We are also using hybrid search Retrieval with single hybrid indexing and has used hybrid score normalization method similar as you.
These are the issues that we have been facing when we set the alpha < 0.5:
-
When the alpha value is set to less than 0.5, the relevance of the score should ideally be more towards keyword search but it is always returning the top chunks based on the semantic match.
-
Even if there is no keyword match in the chunk, it returns that chunk on top with higher score, compared to the chunk having the keywords. Hence giving more weight towards semantic.
-
There are chunks which have some semantic matching and also keywords from the query but they are still ranked lower to the chunks with just the semantic matching.
We are using BM25 encoding to embed sparse vectors and text-embedding-3-large to embed dense vectors with single hybrid index.
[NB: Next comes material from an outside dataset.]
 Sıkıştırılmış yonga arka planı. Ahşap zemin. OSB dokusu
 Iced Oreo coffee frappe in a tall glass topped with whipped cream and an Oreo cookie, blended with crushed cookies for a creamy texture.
To incorporate a linear weighing to both vector types, we use this approach
def hybrid_score_norm(dense, sparse, alpha: float):
“”"Hybrid score using a convex combination
alpha * dense + (1 - alpha) * sparse
Args:
dense: Array of floats representing
sparse: a dict of `indices` and `values`
alpha: scale between 0 and 1
"""
if alpha < 0 or alpha > 1:
raise ValueError("Alpha must be between 0 and 1")
hs = {
'indices': sparse['indices'],
'values': [v * (1 - alpha) for v in sparse['values']]
}
return [v * alpha for v in dense], hs
So tuning the hybrid search with alpha values < 0.5, isn’t working well for us. The relevance of the results is not satisfactory.